Expected 4-dimensional input, got 3-dimensional input

I have 3-dimensional input tensor with size (1,128, 100) when the agent selects the action and (batch_size, 128, 100) when the agent trains. The input is a sequence of words that tokenized and get vector for every token from Word2Vec model and concatenate to a tensor. So 128 is the number of tokens and 100 is W2V vector size. In this convolutional network:

class Actor(nn.Module):
    def __init__(self, state_dim, hidden_dim, action_dim):
        super(Actor, self).__init__()

        self.action_layer = nn.Sequential(
            nn.Conv2d(in_channels=1, out_channels=32, kernel_size=2),
            nn.Conv2d(32, 64, kernel_size=4),
            nn.Linear(64, action_dim),

    def forward(self, state):
        action_probs = self.action_layer(state)
        return action_probs

I got this error:

RuntimeError: Expected 4-dimensional input for 4-dimensional weight [32, 1, 2, 2], but got 3-dimensional input of size [1, 128, 100] instead 

Also, I am confused about some parameter values. Is in_channel=1 because of input type, is correct? Please guide me how fix this error.
Thanks in Advance

nn.Conv2d layers expect a 4-dimensional input tensor in the shape [batch_size, channels, height, width]. Based on your error and description I guess the channel dimension is missing, so you could add it via x = x.unsqueeze(1) before passing the tensor to the model.

1 Like

@ptrblck, the dimension of tensor that I want to pass to CNN: is [32, 3, 512, 512]. It has 32 slices of one image, each of which has three chanels. However CNN expects 4 dimensional input tensor [B,C,H,W]. How can change my tensor [32, 3, 512, 512] to get passed as 4D following the expected input order [B,C,H,W].

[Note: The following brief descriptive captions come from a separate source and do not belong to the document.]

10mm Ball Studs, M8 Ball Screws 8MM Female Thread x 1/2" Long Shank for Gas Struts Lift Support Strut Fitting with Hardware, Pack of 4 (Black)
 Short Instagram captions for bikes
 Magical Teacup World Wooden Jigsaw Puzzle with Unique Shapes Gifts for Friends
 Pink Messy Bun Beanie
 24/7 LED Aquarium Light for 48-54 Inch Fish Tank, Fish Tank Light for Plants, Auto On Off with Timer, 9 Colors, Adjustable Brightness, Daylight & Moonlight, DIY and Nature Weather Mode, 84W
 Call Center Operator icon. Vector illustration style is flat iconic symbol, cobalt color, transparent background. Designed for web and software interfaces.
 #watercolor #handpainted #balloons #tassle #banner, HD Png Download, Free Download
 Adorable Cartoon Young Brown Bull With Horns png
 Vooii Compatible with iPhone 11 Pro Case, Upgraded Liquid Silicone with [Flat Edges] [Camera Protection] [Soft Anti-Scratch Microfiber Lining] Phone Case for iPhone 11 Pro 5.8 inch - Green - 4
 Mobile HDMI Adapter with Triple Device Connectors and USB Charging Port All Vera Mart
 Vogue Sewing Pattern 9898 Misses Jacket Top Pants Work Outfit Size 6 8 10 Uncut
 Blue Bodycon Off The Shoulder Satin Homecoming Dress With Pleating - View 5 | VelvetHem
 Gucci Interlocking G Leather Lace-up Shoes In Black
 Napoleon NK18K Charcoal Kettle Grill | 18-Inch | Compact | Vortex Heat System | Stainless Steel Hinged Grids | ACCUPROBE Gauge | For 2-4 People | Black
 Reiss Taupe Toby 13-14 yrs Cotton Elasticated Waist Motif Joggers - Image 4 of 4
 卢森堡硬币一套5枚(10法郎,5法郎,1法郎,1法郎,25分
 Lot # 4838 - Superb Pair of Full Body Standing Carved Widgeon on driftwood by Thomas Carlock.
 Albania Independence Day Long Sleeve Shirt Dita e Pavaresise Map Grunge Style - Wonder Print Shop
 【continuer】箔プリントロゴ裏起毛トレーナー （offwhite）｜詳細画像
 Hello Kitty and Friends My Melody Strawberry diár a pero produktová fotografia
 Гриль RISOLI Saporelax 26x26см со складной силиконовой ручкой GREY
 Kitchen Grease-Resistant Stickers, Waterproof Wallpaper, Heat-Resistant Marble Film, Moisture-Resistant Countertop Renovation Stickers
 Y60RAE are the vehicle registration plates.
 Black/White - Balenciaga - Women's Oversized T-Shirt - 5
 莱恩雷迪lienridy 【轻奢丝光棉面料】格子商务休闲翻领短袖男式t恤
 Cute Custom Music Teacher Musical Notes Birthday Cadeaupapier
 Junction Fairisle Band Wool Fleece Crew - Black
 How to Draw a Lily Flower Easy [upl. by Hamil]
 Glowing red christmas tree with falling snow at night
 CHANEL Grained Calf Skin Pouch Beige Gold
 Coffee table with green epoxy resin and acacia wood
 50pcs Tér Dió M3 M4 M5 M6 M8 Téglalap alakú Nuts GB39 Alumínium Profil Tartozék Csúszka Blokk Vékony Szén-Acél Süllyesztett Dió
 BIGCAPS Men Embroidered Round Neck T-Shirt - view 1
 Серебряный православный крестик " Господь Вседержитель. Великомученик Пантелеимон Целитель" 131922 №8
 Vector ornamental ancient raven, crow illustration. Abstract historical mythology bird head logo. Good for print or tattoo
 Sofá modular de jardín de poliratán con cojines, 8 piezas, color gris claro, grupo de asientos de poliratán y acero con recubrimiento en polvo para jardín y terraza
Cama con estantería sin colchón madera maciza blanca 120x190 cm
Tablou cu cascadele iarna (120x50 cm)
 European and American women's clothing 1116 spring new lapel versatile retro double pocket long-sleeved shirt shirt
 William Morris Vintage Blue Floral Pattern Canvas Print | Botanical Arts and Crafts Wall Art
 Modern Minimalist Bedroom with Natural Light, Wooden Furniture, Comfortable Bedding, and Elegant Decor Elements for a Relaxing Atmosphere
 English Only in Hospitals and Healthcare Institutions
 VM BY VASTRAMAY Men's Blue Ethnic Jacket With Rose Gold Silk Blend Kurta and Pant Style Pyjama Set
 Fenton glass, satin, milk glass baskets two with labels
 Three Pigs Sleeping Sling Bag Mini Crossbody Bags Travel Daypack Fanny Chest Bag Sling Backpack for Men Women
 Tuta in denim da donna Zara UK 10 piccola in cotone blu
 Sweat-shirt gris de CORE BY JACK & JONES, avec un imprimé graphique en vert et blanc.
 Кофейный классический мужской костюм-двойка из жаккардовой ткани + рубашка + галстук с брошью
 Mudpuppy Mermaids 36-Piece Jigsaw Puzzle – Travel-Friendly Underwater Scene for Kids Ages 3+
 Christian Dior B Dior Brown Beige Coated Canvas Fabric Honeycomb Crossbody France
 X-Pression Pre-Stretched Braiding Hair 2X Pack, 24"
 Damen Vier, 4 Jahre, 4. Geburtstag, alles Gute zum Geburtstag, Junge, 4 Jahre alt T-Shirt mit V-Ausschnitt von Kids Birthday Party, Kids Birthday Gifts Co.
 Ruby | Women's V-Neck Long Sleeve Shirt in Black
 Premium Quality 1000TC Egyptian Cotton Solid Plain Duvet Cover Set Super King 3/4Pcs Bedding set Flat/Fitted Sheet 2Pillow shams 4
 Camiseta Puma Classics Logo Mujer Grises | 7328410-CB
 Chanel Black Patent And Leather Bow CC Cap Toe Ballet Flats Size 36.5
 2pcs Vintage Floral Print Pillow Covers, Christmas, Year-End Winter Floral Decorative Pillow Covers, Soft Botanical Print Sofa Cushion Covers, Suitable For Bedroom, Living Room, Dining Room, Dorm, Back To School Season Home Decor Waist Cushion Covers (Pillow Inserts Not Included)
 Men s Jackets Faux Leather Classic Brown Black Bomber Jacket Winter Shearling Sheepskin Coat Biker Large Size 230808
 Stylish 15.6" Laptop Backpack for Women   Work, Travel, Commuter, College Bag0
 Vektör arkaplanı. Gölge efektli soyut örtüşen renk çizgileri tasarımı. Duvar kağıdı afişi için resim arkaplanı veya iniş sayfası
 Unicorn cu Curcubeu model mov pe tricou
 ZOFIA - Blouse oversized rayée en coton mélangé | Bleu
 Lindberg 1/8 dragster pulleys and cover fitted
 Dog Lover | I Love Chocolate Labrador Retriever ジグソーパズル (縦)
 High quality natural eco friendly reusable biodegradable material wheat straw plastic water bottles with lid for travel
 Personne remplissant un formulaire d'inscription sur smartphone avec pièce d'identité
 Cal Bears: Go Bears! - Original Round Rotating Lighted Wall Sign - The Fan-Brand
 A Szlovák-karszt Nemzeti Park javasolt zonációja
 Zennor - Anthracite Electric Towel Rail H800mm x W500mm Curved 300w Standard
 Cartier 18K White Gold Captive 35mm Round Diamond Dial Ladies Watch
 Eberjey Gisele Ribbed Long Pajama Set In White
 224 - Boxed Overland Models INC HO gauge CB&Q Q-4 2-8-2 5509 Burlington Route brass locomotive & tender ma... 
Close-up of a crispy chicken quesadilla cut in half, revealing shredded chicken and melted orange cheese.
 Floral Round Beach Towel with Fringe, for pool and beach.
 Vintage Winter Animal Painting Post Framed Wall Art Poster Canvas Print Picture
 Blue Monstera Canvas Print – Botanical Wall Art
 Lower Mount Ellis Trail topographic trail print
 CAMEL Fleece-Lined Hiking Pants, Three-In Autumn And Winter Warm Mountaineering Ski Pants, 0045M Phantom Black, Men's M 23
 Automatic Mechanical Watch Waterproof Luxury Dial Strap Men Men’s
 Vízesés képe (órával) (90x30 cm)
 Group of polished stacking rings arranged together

If each slice of the image should be treated as a separate sample, your tensor shape would already be right.

No, they do not have to be considered as a separate sample, rather all of them have to be considered as 1 sample. that’s why I want to squish the first two dimensions to make it compliant with the expected input order [B,C,H,W] .

Since you’ve mentioned “slices” I would guess you want to treat this dimension as the “depth” then?
If so, you should use a 3D model and pass the input as [batch_size, channels, depth, height, width] via:

x = torch.randn(32, 3, 512, 512)
x = x.permute(1, 0, 2, 3).contiguous().unsqueeze(0)
# > torch.Size([1, 3, 32, 512, 512])

Yes, I will be using 3D CNN later, but at the moment I want to run resnet as a baseline and have 32 slices per sample. [32,3,512,512] is the tensor dimension, I want to squish the first two dimensions to make it a 3D tensor, so that I can pass it as [B,C,H,W] in the network.

I’m not sure how the description fits the shape, but assuming you want to move the sliced into the channel dimension, you could use x = x.view(-1, 512, 512).unsqueeze(0) to get a tensor of [1, 96, 512, 512] which would then of course not work anymore in a standard ResNet model since 3 input chanels are expected. If this is your use case, you could replace the first conv layer with a new one accepting 96 channels.